A student tested a foam cup (0.5 cm walls) with a loose lid (not sealed) using hot water starting at 70°C in a 22°C room. Temperatures were:

  • 0 hr: 70°C
  • 1 hr: 58°C
  • 2 hr: 48°C
  • 3 hr: 40°C

Criterion: Maintain ≥60°C for 3 hours.

Which explanation best matches why the cup failed, based on the design features?​​

It failed because the criterion requires the temperature to be ≤60°C for 3 hours.

It failed because foam is a good conductor of heat, so it sped up cooling.

It likely gained heat from the room because the water was hotter than the air.

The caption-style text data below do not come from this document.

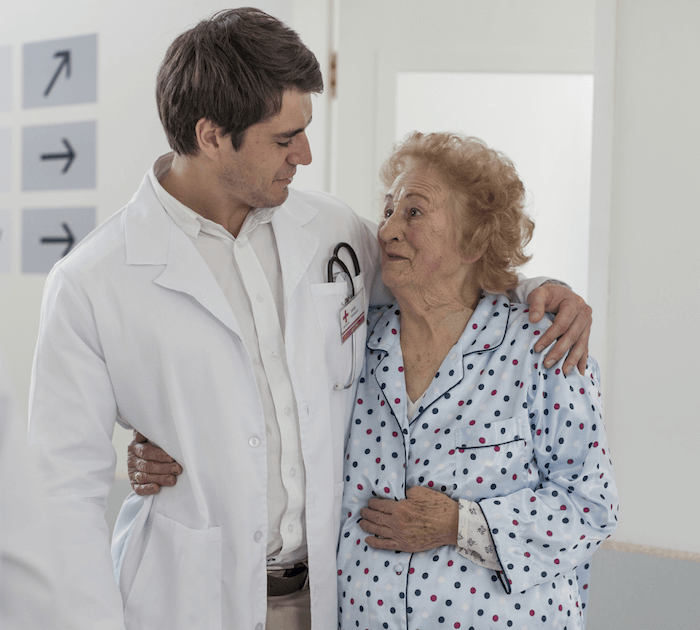 Doctor embracing elderly patient on hospital floor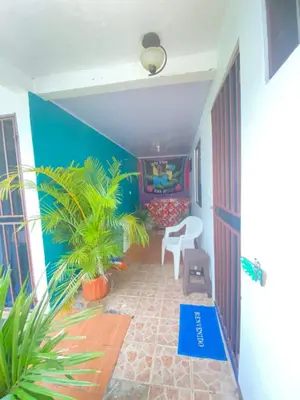 a hallway of a house with a table and a chair at Nomada's Digital in Manuel Antonio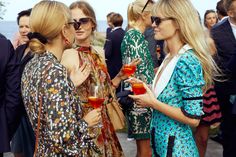 two women standing next to each other with drinks in their hands and people looking at them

It likely lost heat quickly by convection because the lid was not sealed tightly.

Explanation

This question tests understanding of how to test a heat control device and evaluate whether its performance meets the established criteria by comparing measured data to required values. Testing a heat device involves analyzing both performance data and design features to understand failure mechanisms—the foam cup with loose lid showed rapid cooling from 70°C to 58°C in just 1 hour (12°C drop), then to 48°C at 2 hours and 40°C at 3 hours, failing the ≥60°C for 3 hours criterion. The design features reveal the problem: (1) thin insulation (only 0.5 cm foam walls provide minimal resistance to conduction), (2) loose lid not sealed (major pathway for convection as hot air escapes and cold air enters), and (3) no reflective coating (allows radiation heat loss)—the loose lid is particularly problematic for convection losses. Choice A is correct because it identifies the primary heat loss mechanism: convection through the unsealed lid, which allows hot air to escape and be replaced by cooler room air, dramatically accelerating cooling. Choice B incorrectly reverses heat flow (hot water loses heat to cooler room, not gains); Choice C incorrectly states foam is a good conductor (foam is actually a good insulator, just too thin here); Choice D misreads the criterion (requires ≥60°C, not ≤60°C). The rapid initial temperature drop (12°C in first hour) is characteristic of convection losses through openings, as this is typically the dominant heat transfer mode when present. Understanding design-performance relationships: unsealed openings create convection currents that can overwhelm conduction through insulation, making proper sealing critical for thermal devices—even good insulation fails if hot air can escape freely.